Sunday, June 13, 2004

DON'T PLAY US CHEAP. It has been suggested that New Yorkers refrain from showing displeasure at this year's Republican Convention, lest we alienate our good neighbors in the red states. Here's an example of why I can't buy that.

Saturday's New York Post, the Republican pamphlet distrubuted daily here at great expense (one might say "investment") by Rupert Murdoch, ran a story called "Big Apple Salute," referring to the recent Reagan necromonia.

The idea was to show the City's love for our departed Gipper. Most of the quotes, however, come from outlanders, visiting from Wichita, Chicago, and Hillsborough, NJ.

Two actual citizens are cited. One is a fifth-grader on a field trip. "I feel bad for his family," says 11-year-old Melissa Compere. "He was real important and a lot of people loved him.

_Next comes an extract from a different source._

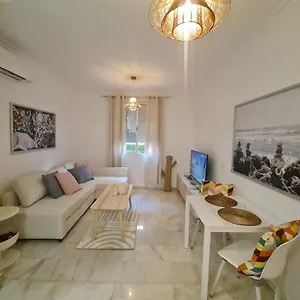  Apartment Centro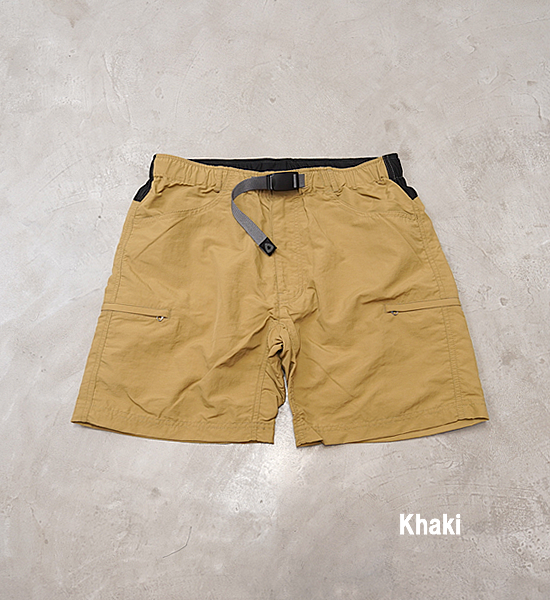 【Trail Bum】トレイルバム Better Shorts "3Color"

It makes me want to learn more about him."

The other is an adult, presumably, who "was watching the rites at Rosie O'Grady's on West 46th Street because the TV reception in his office was poor."

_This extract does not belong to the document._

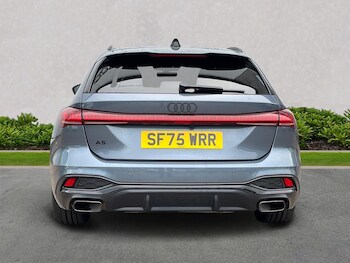 Used Audi A5 2025 for sale - 78469989: Photo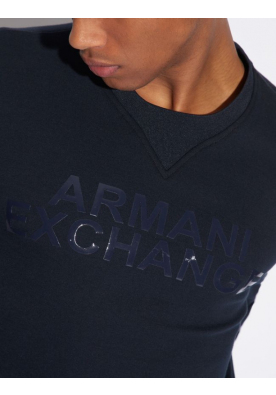 Pánská mikina Armani Exchange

One can only imagine the strain on the Post reporters tasked with this beat, trying to get regular New Yorkers to talk about their love for Reagan. All they could produce, aside from predictable tourist bleats, is an 11-year-old and a guy who cut work to go to a bar.

But a Big Apple Salute must be made, for, by Murdochian logic, every corner of the Republic must be shown to mourn the Gipper, especially the putative hometown of the rag itself.

The game plan -- and you know, in this Age of Propaganda, there is always a game plan -- is obviously to portray us as fellow travellers aboard the Republican juggernaut, despite our history, despite our character, despite our proud record of 17 straight elections without supporting a Republican Presidential candidate, despite our relatively huge population of artists, educators, gays, blacks, Hispanics, intellectuals, and naysayers, despite everything blazingly obvious about us to anyone who actually knows us.

No thanks and fuck you.
A CONEY ISLAND OF THE MIND. I took Editor Martin out to Coney. He's leaving town soon, and he had to see it before he left. It was a cool, clear day, sky pale blue and the boardwalk crowded with the usual Coney folk, which these days is about two-thirds deep-Brooklyn locals of every race taking their raucous ease, and one-third young hipsters and tourists out to catch one of the least gentrified scenes in the City. It's a good mix and everyone was having fun. Well, one hulking Italian fellow, drunk off his ass, took issue with Martin and myself when he thought we'd nicked his plastic chair, but that was easily defused. Anyway, what's a day at Coney without a little street hassle? Like the bumper cars and the kids wrestling good-naturedly on the sand, Brooklyn pleasure must always involve a few rude shocks.

How I wish the doubters of multiculturalism could have seen it. Puerto Rican flags got a pre-parade workout, and after the boardwalk salsa band closed down, a couple of rogue percussionists worked their cowbells and shakers into a merengue beat, moving a fat couple to dance ballroom-style in their t-shirts and shorts. At sunset a few hundred folks in kinte cloth, skull caps, and billowing white robes marched to African drums toward the shore to throw flowers into the water in memory of the Middle Passage. At the boardwalk bars would-be wiseguys pounded Coronas and their own chests. This was no grad-school wishful thinking, no professorial pipe-dream, but the way we live.

Take the Republican Conventioneers on a field trip to Coney. We could all profit by it.